No. From a single CR3, the conversion displays one rendered photo as a static image for the duration you set. There is no panning, zoom, or animation, and the output carries no audio track — it is a silent, single-frame still inside an AVI container. If you upload several photos and choose "Merge images," they play back to back, but each frame is still a static image shown for its set duration, with no transitions between them.
Yes. A CR3 stores unprocessed sensor data (14-bit is typical for Canon raw), which is why you can recover highlights, shadows, and white balance long after the shot. To put the photo into a video, the converter renders it first — demosaicing the sensor data and baking in white balance, exposure, and tone. Once that rendered frame is inside the AVI, the latitude is gone, exactly as it would be in a JPEG. Keep your original .cr3 if you may still want to edit it.
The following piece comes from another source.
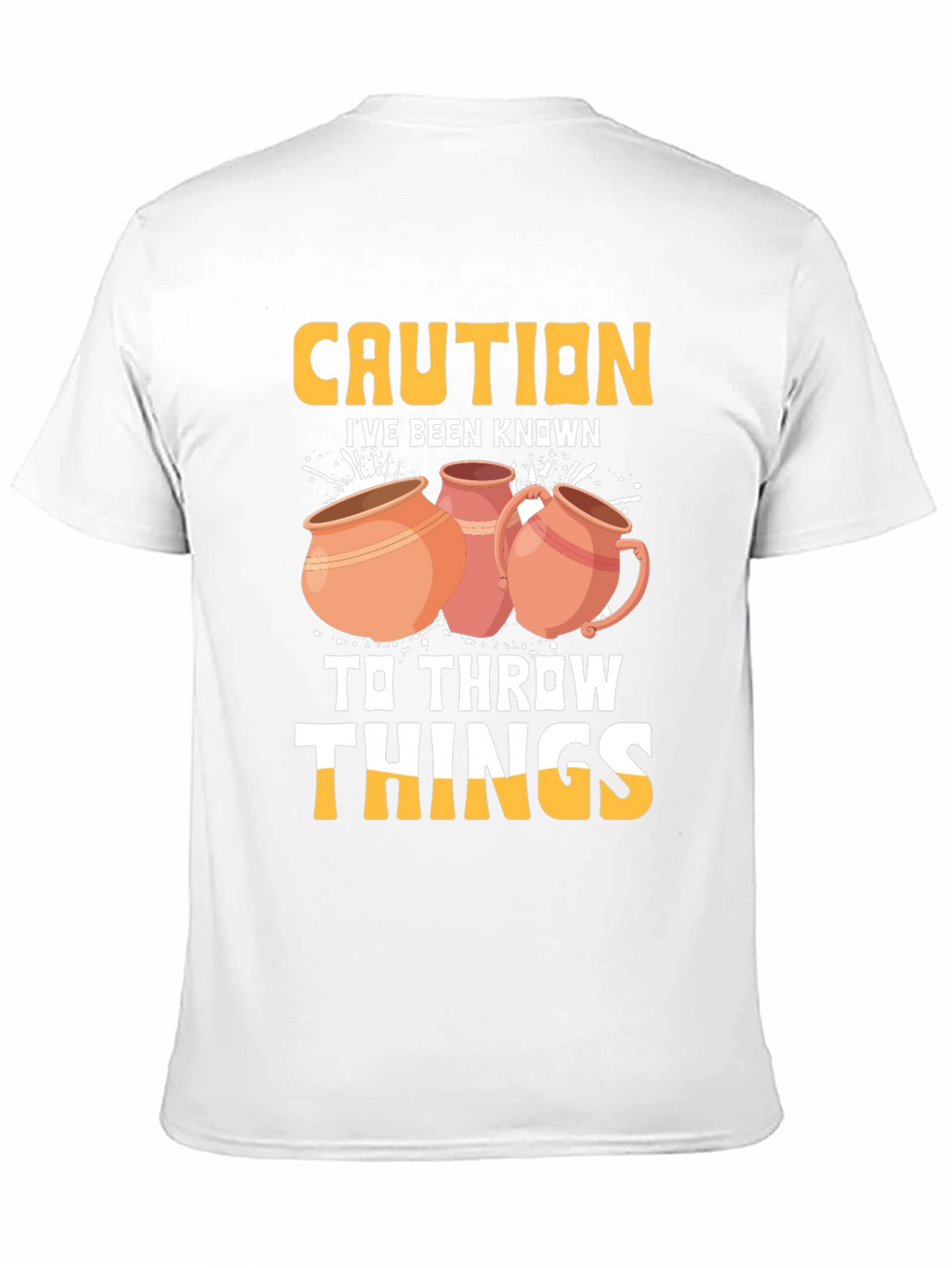Caution I Throw Things T-Shirt Pottery Humor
MPEG-4 by default. AVI is a container, not a codec, so it has to carry an encoded video stream inside it; for AVI output this converter defaults to MPEG-4 Part 2 — the same MPEG-4 ASP family popularized by DivX and Xvid that AVI files have long carried. You can change it under "Show All Options" via the "Video Codec" dropdown, which lists other AVI-compatible choices. Because the source is a still photo, no audio stream is added.
Yes. The CR3 format uses Canon's crx codec, which can store either lossless raw or the smaller lossy C-RAW variant, and both are still CR3 files with the same kind of sensor payload as far as this conversion cares. Either way the render flattens that data into a flat AVI frame, so the head-start difference between lossless and C-RAW does not survive into the output.
Choose by where the file will go. AVI dates to 1992 and is a legacy Microsoft container with higher overhead and no support for some modern compression features, so it makes sense only when a specific older tool, Windows editing workflow, or archive process expects that exact container. If you want a clip that plays on the widest range of phones, browsers, and editors, CR3 to MP4 is the safer video target. And if you only want a viewable picture rather than a video at all, CR3 to JPG is the right tool — far smaller, and supported everywhere.
In our testing, a single full-resolution CR3 held for 5 seconds at the "Very High" preset produced a small AVI, since a motionless MPEG-4 frame compresses heavily. Your file is uploaded over an encrypted connection, rendered and packaged into AVI on our servers, and deleted automatically a few hours after conversion — no sign-up, no watermark, never shared or made public. The main practical limit is upload size and time, since CR3 files often run tens of megabytes each, not your device.